Muscle fatigue arising intrinsically from SUR2- but not Kir6.1-dependent gain-of-function in Cantu syndrome mice

Cantu syndrome (CS) is a rare disease caused by gain-of-function (GOF) mutations of Kir6.1 or SUR2 subunits of ATP-sensitive potassium (K_ATP) channels. CS patients with SUR2 and Kir6.1 variants display a similar constellation of symptoms, including muscle weakness and fatigue. The effects of CS mutations on skeletal muscle K_ATP channels, and any consequent direct effects on contractility, are currently unclear.
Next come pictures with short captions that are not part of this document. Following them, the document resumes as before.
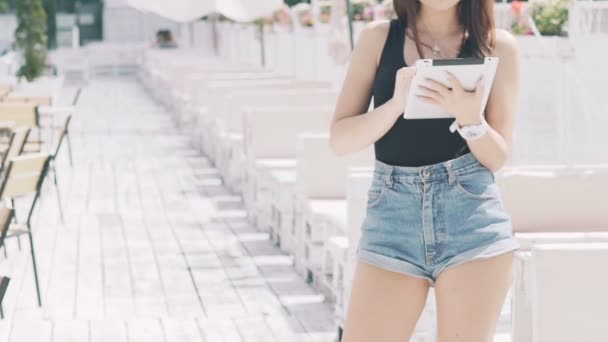 부두에 서 고는 태블릿을 사용 하 여 스마트 소녀 — 비디오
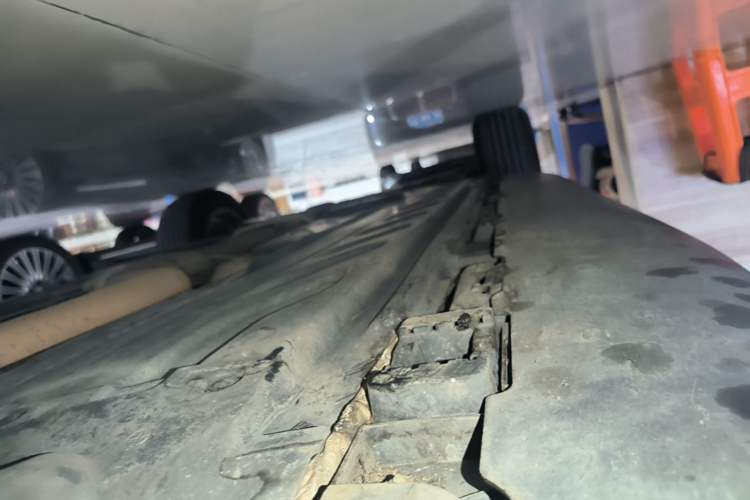 Used Mercedes-Benz GLC 2022 GLC 260 L 4MATIC Dynamic Edition Right Side Sill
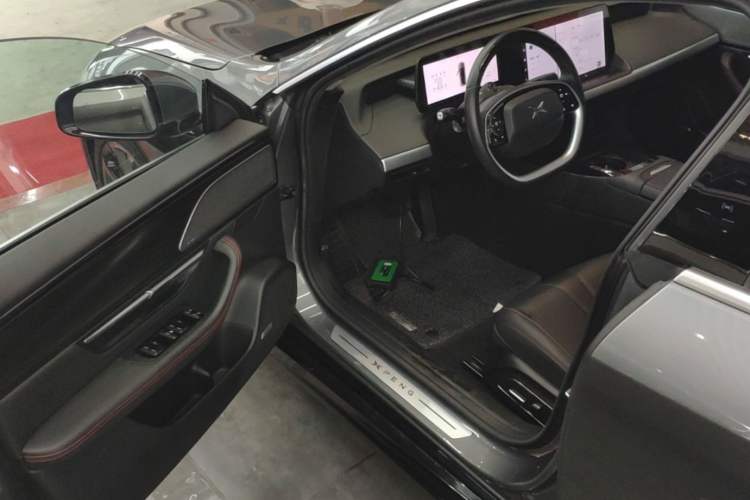 Used XPeng P7 2022 670E+ Driver Seat
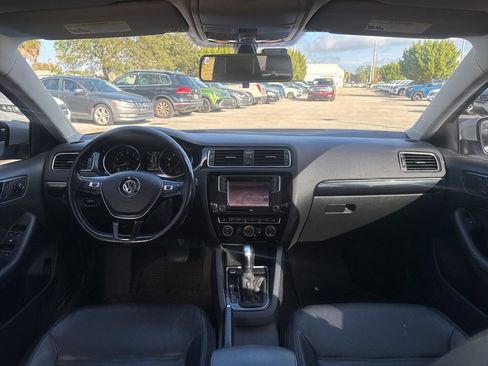Used 2017 Volkswagen Jetta SEL image 9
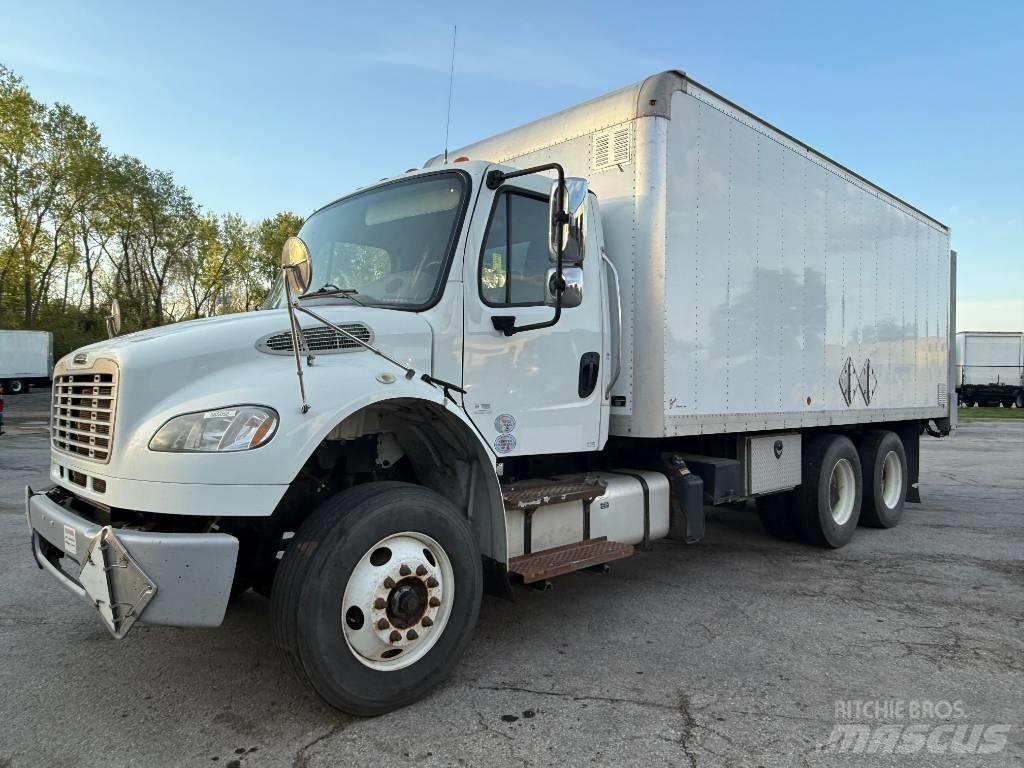 Freightliner M 106 厢式货车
Here, we used two knock-in mouse models of CS, respectively, carrying GOF mutations Kir6.1[V65M] or SUR2[A478V], to assess K_ATP channel properties and contractility in isolated fast-twitch extensor digitorum longus (EDL) and slow-twitch soleus (SOL) muscles. Electrophysiological recordings in isolated myofibers showed normal resting potentials, and excised patch-clamp recordings showed normal K_ATP channel density in both genotypes, but enhanced Mg-nucleotide activation only in SUR2[A478V] fibers, consistent with muscle K_ATP channels being formed predominantly as complexes of SUR2A and Kir6.2 subunits. Ex vivo testing of isolated SUR2[A478V], but not Kir6.1[V65M], muscles showed an earlier onset of fatigue and a marked intra-tetanic decline of force compared with littermate controls. Importantly, normal contractile behavior was restored ex vivo and in vivo in SUR2[A478V] muscles in the presence of the FDA-approved K_ATP channel inhibitor glibenclamide, indicating that the increased fatigue of isolated muscles is a direct consequence of overactive sarcolemmal K_ATP channels. These results shed light on the pathophysiologic relevance of SUR2-dependent K_ATP channel subunits in skeletal muscle and highlight their role in fatiguing conditions, as well as identifying potential therapeutic benefit of skeletal muscle K_ATP inhibition in CS.